LETTER FROM POLAND:Young people engage in consumerism, while other faces speak of hardship and toughness, writes PADDY AGNEW
AFTER THREE weeks of travelling up and down Poland, I am beguiled by the extent to which modern Poland is up and running, full steam ahead. As you walk around the cities of Gdansk, Cracow, Poznan and Warsaw, modernity hits you in the face.
You look at all these good- looking kids on their mobile phones or their iPods as they check out the Max Mara, Pierre Cardin or Hugo Boss shops in one of the many huge, multilevel, cement and glass shopping malls that seem to have mushroomed all over the country, and you say to yourself, “Wojciech Jaruzelski? Who was that?” It is as if the horror story of Nazism and Soviet-dominated communism over 50 years never happened.
People walking around the streets, thoroughly engaged in the not so noble art of consumerism, do so with total nonchalance. It is as if they were saying: “Well, hang on folks, this is the way it has always been around here.”
And then of course, if you do the maths, you realise that for any Pole under 23, there is a sort of truth to that assertion. While there hasn’t always been an economic boom (4.3 per cent growth in gross domestic product last year), it is true that no one under the age of 23 has lived through communism.
The faces of the older generation tell another story – hardship, wariness, toughness. The generations are divided linguistically. Almost all younger Poles seem to speak excellent English, and also are unfailingly polite and helpful. If you are driving around Gdansk late at night looking for your hotel with a grey-haired taxi driver, however, then your rusty German is your only man.
Echoes of the past may be reflected in the extent to which this remains an orderly society. Cafe, pub and restaurant life tends to be busy but orderly, and not given to the drunken hysterics of a Saturday night in many Irish (and other) towns.
At a pedestrian crossing, no one moves until the lights go green, even if there is no car in sight. On my first morning in Warsaw, I was pulled over by a policeman because in my anarchic way I had gone jaywalking on a busy boulevard. The policeman in question did not look much amused and I am still not quite sure what sort of fine he would have landed on me were it not that I was wearing my Euro 2012 accreditation prominently round my neck.
In the build-up to those same Euro 2012 finals there were many who doubted the ability of not only Ukraine but also Poland to stage such an event. Your correspondent put this point to Zbigniew Boniek, the former Polish international soccer star who now divides his time between Poland and Rome. “We’re pleased with the way things have gone . . . When there was a whole lot of pessimistic publicity about our preparations, we simply stayed quiet. People were saying, ‘Poland doesn’t have hotels, airports, stadia’ and all we could do was smile and wait for everyone to come here and see for themselves and discover that this is a normal country . . .
“But I wouldn’t link a sports event like this to the current economic moment. We were going strong before the Euros and we will still be going strong after the Euros.”

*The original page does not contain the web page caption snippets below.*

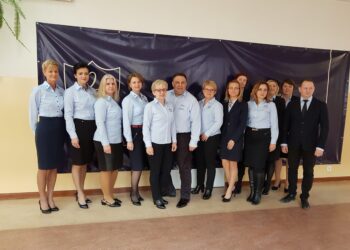 Tarnobrzeg. Etykieta, taniec, wystąpienia publiczne. Powstaje Liceum Dyplomacji.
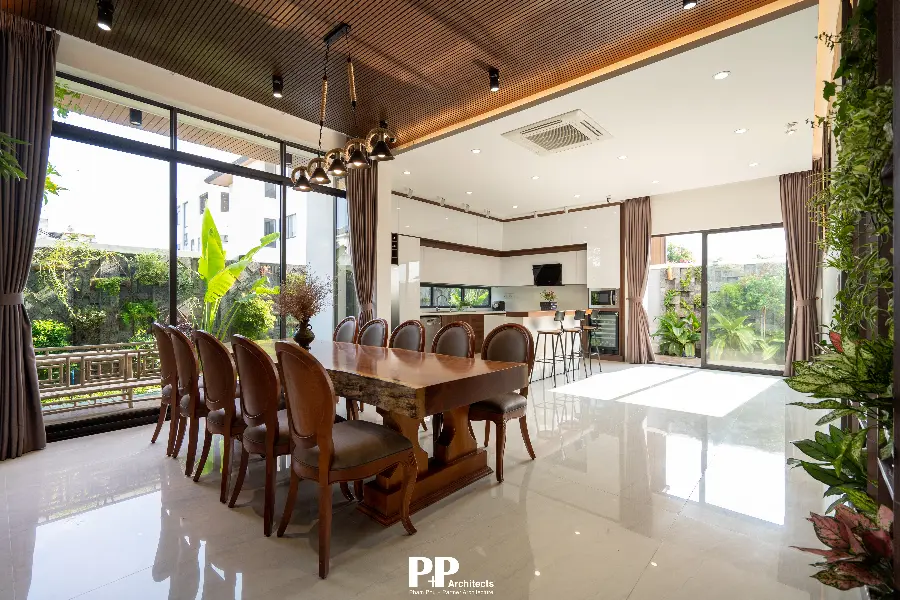 Thiết kế kiến trúc villa Nha Trang: 5 giải pháp tạo nên không gian biệt thự có chiều sâu 6 Thiết kế kiến trúc villa Nha Trang với khu bếp ăn mở và ánh sáng tự nhiên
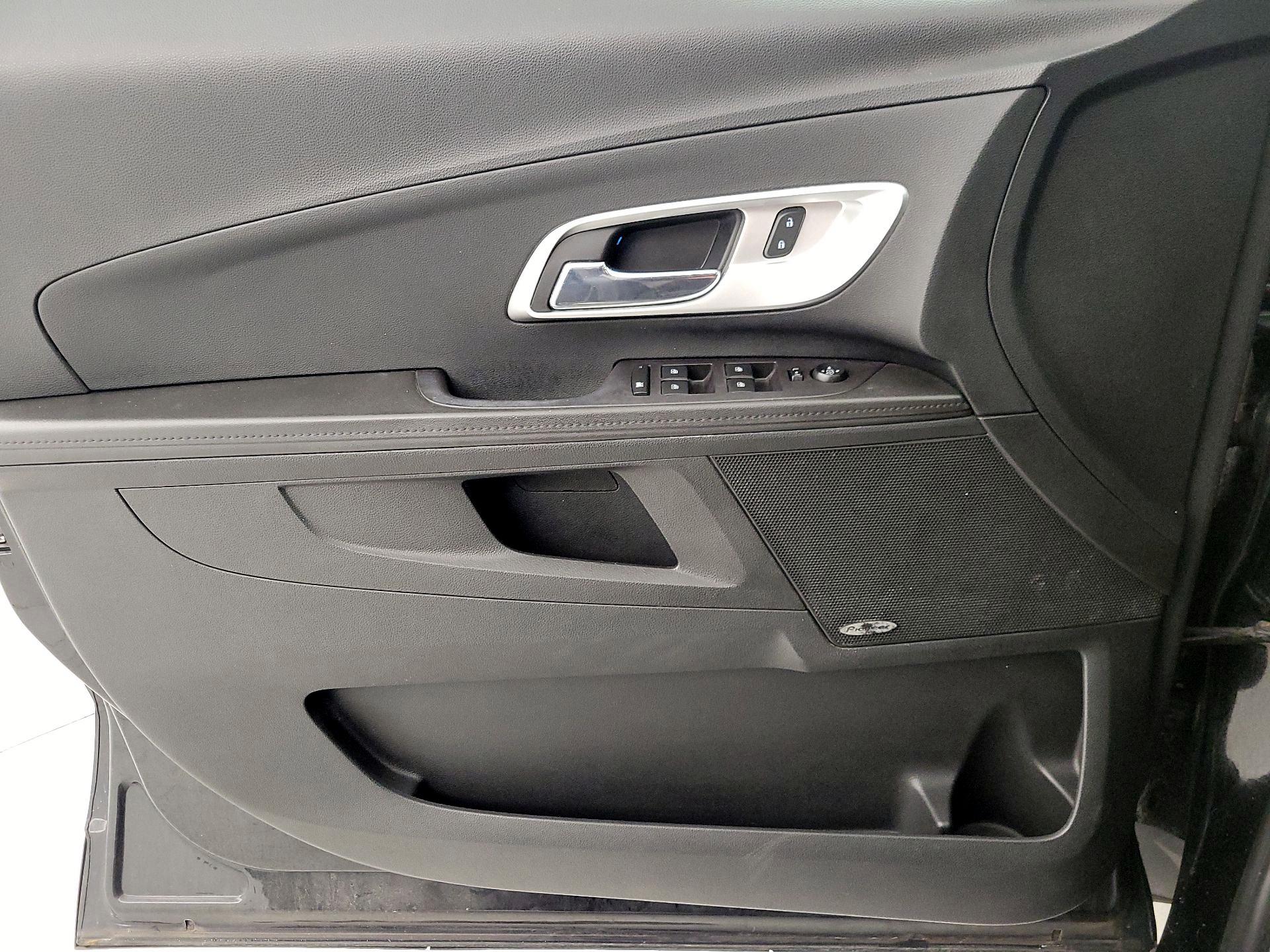 Thumbnail: 2017 Chevrolet Equinox - 12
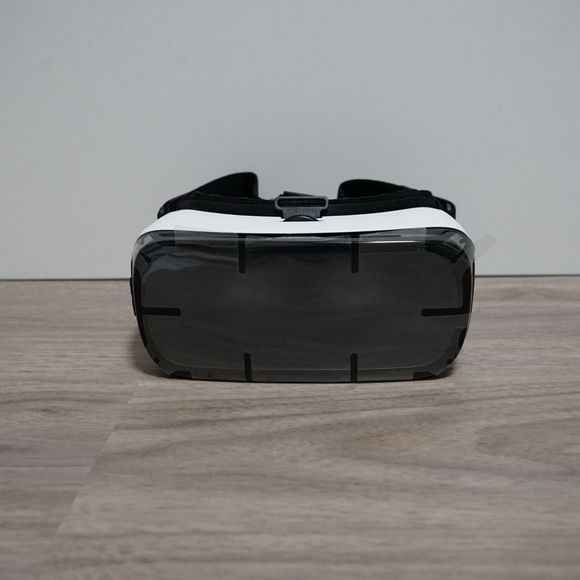 Authentic Samsung Gear VR powered by Oculus with Original Box 1st Edition - Picture 2 of 8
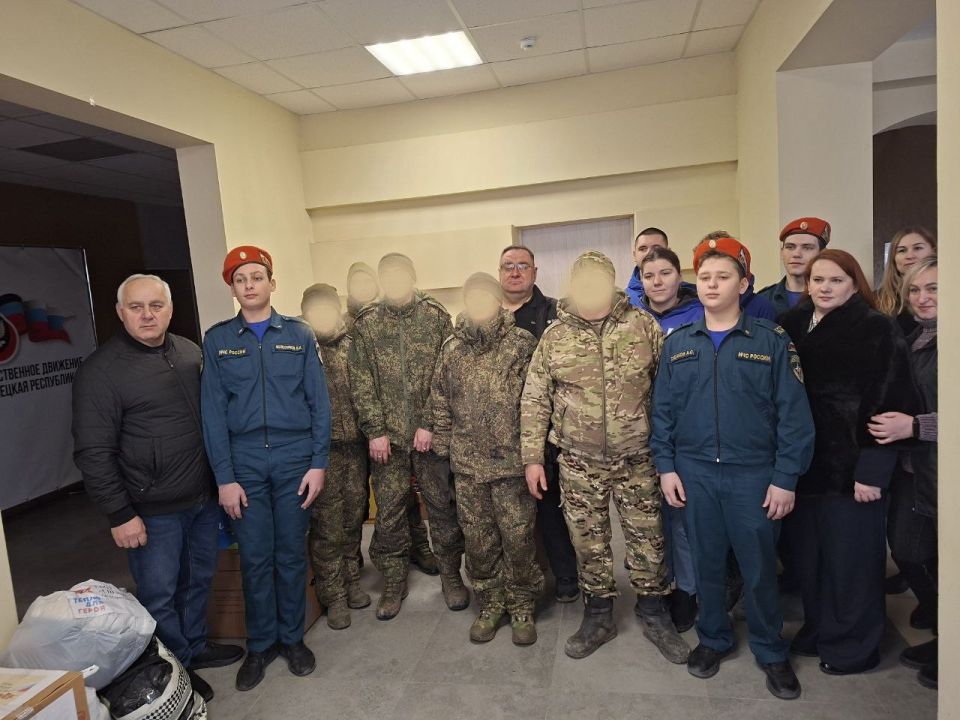 Жители Ильичевского района приняли участие в акции "Тепло для Героя"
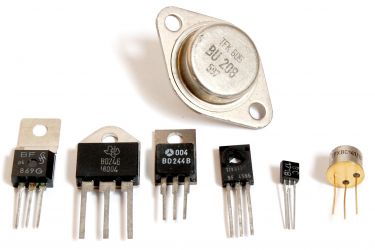  Ứng Dụng Của Transistors Trong Điều Khiển Động Cơ DC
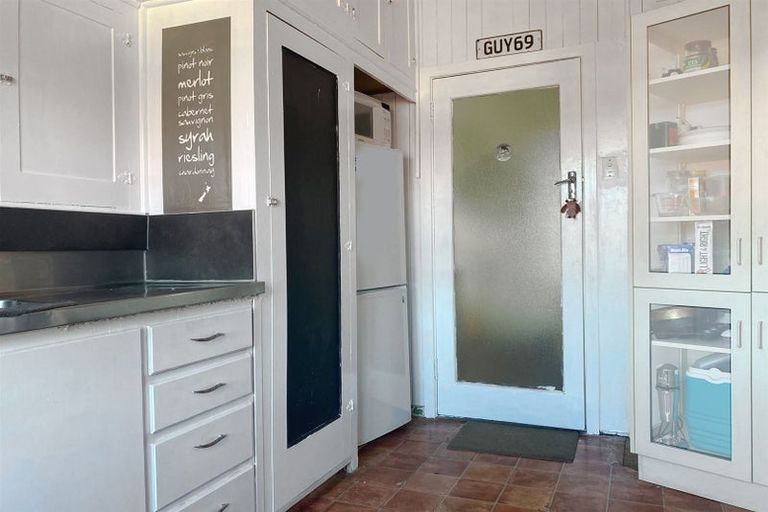 Photo of property in 15a Sydney Street, Takapau, 4203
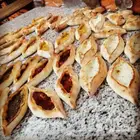 مطعم معجنات وشاورما متكامل وشغال وناجح للبيع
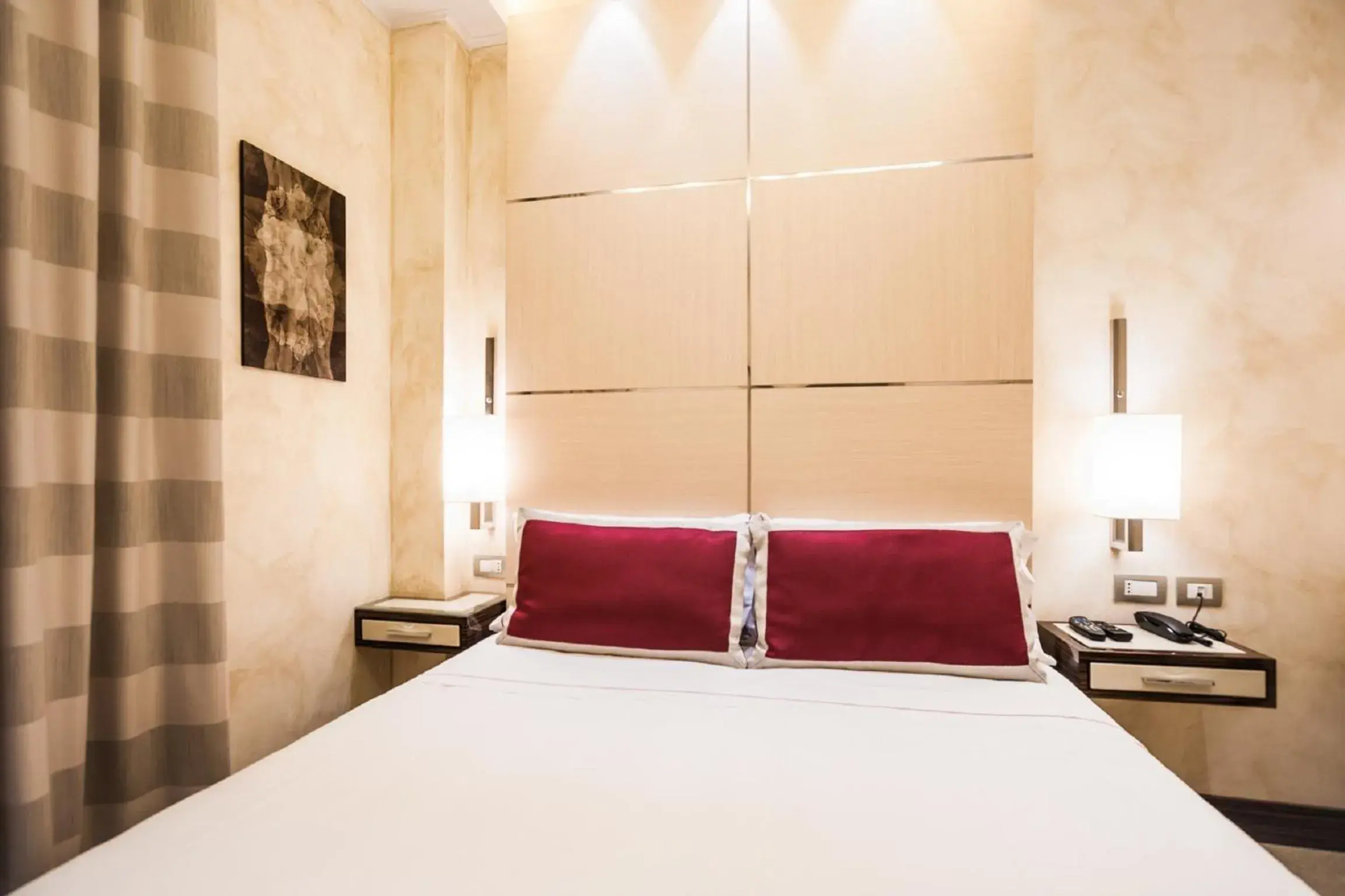 Double Room in Maison Candia Luxury House Double Room in Maison Candia Luxury House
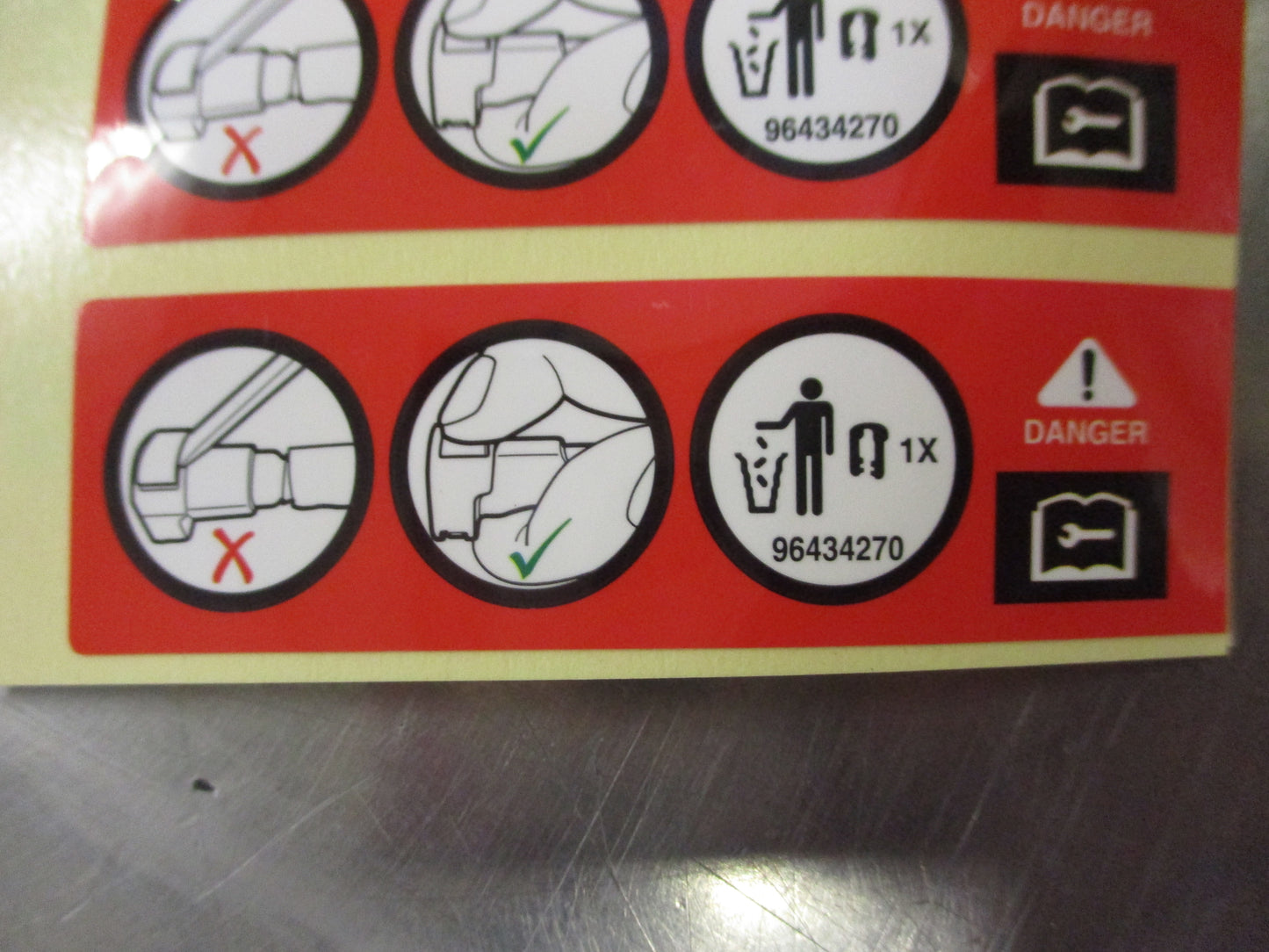 Holden Captiva Genuine Lable Set Fuel Feed Return Pipe New Part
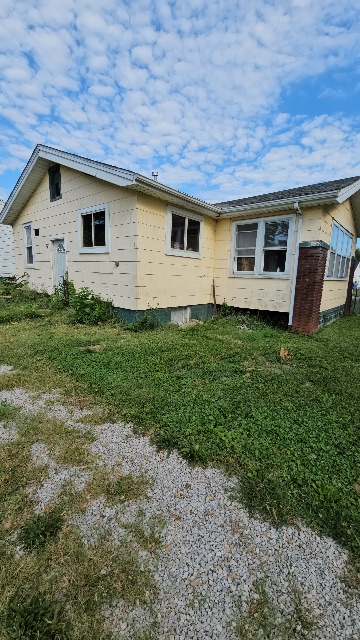 1871 E Lawrence St: photo 3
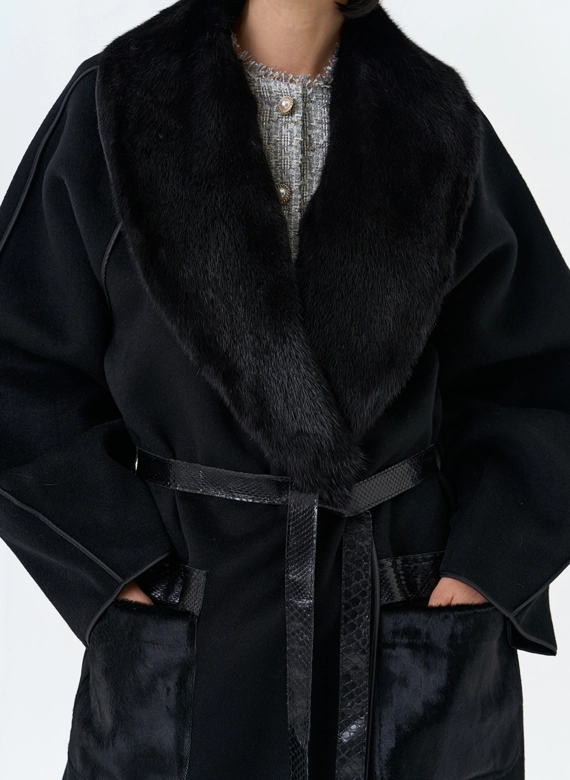 Женское длинное пальто с воротником из меха норки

I asked the same question of an old friend, Jacek Palazinski, a one-time “dissident” who for many years sat at the desk beside me in the Foreign Press Bureau in Rome. Jacek was an opposition activist who got himself smuggled out of Poland in December 1981 just hours before that same Gen Wojciech Jaruzelski, the communist leader, declared martial law.
Jacek, now presenter of his own programme on Kontakt 24 TV, is one of those who returned, opting to do so in 2005. Sitting in his elegant, light-filled apartment in central Warsaw, he offers a succinct explanation for the Polish economic turnaround: “There are 45 million of us . . .”, he says with a grin.
Jacek is not the only one to have come back. Tadeusz, who used to work as a carpenter in Trevignano Romano, moved back to Zamos in the mid-1990s and has since built up a thriving furniture supply business.
Mikhael, the man who owns the “student” apartment I am staying in in Cracow, has also returned. A Jew who lives in both Israel and Cracow, his parents were Auschwitz survivors and he has returned to reclaim family property – not always an easy proposition.
The stories of those who have returned are for another day.
In the meantime, sit back and marvel at this modern Poland where wifi always seems to work, people are courteous, the coffee is good and only the football team disappoints.